Try it ->
Restate all entries word for word, minus pictures.

....

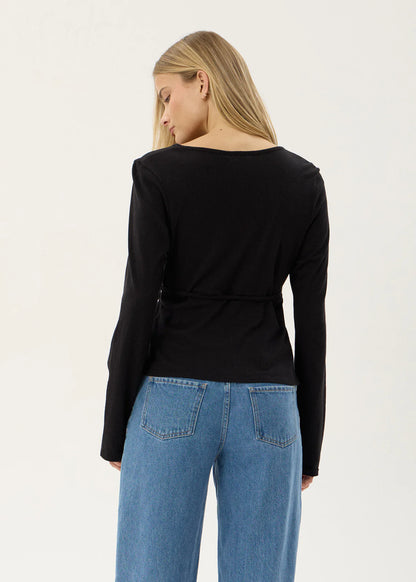 AFENDS Womens Jones - Wrap Long Sleeve Top - Black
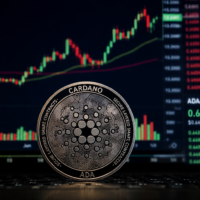 Cardano ADA coin stands in front of a trading screen showing a rising crypto price chart.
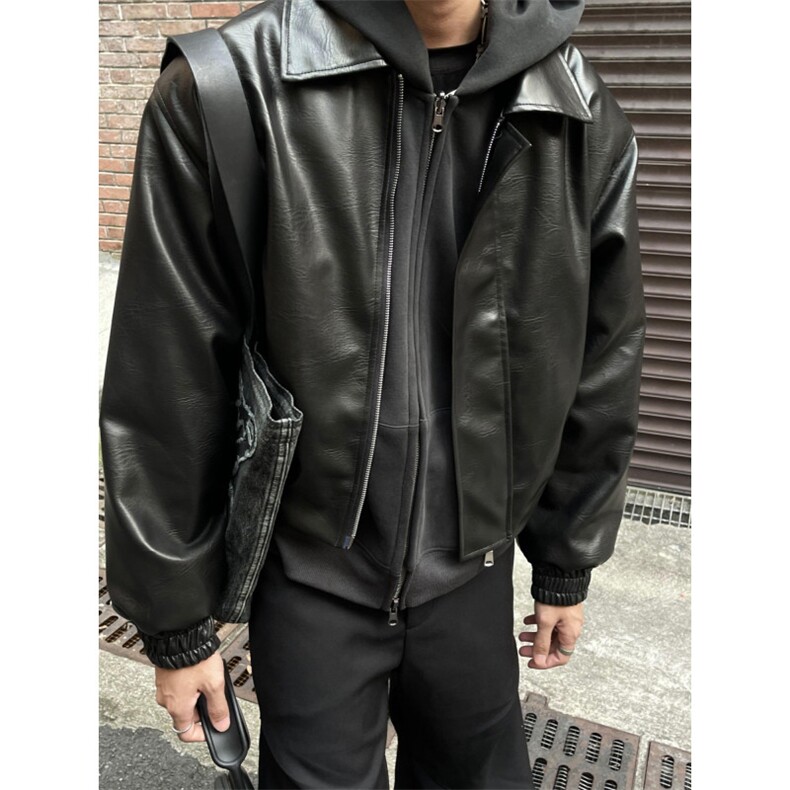 美式短款垫肩皮衣外套男春秋季高级感休闲宽松皮夹克JY770图片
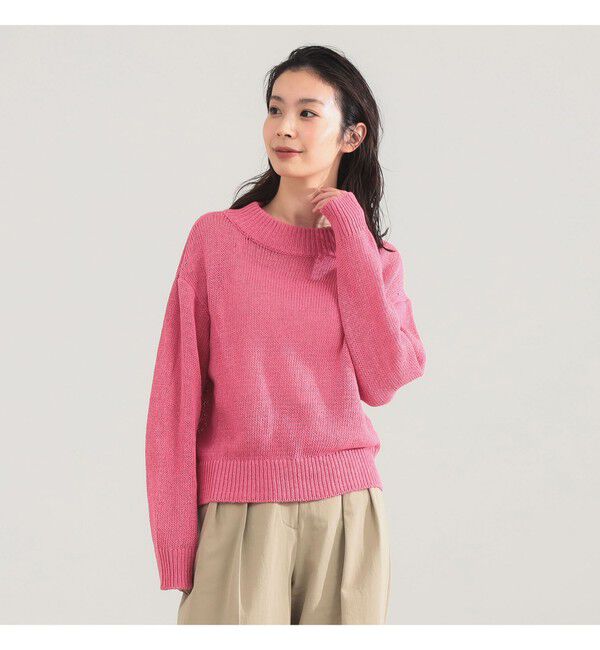 Demi-Luxe BEAMS 「AK+1 / 3ゲージ ボトルネック プルオーバー」|ニット・セーター|PINK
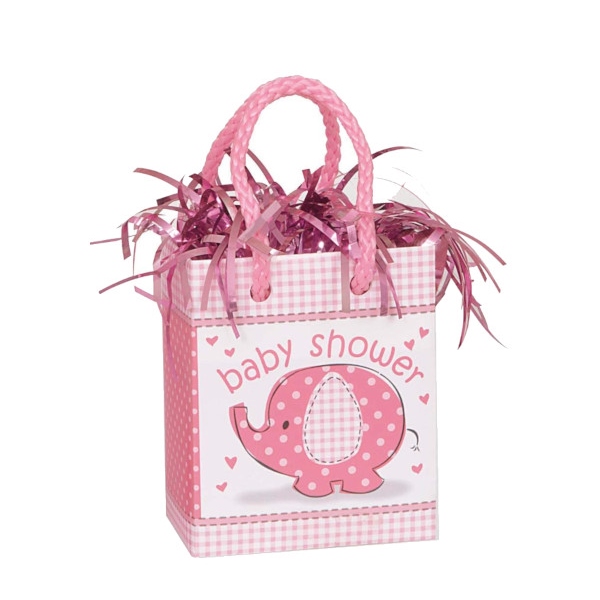 Těžítko na balonky Taštička baby shower růžová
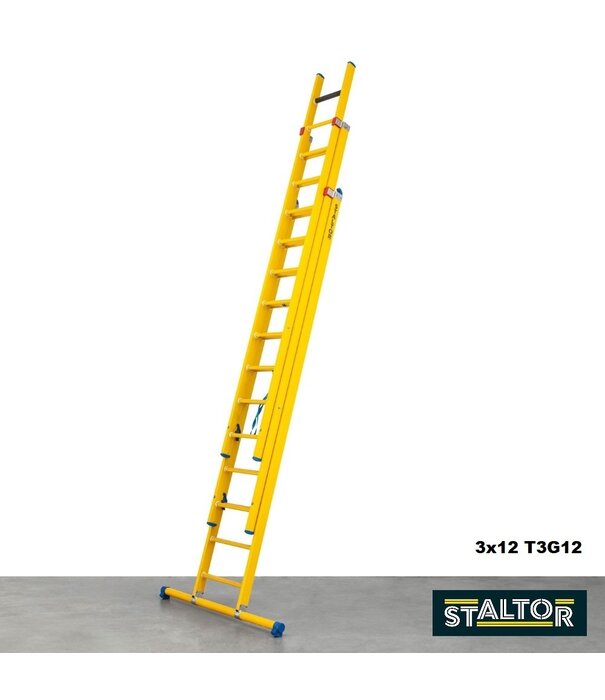 Staltor Schiebeleiter Fiberglas GFK 3x9 Sprossen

....

Solution below ->
 AFENDS Womens Jones - Wrap Long Sleeve Top - Black
 Cardano ADA coin stands in front of a trading screen showing a rising crypto price chart.
 美式短款垫肩皮衣外套男春秋季高级感休闲宽松皮夹克JY770图片
 Demi-Luxe BEAMS 「AK+1 / 3ゲージ ボトルネック プルオーバー」|ニット・セーター|PINK
 Těžítko na balonky Taštička baby shower růžová
 Staltor Schiebeleiter Fiberglas GFK 3x9 Sprossen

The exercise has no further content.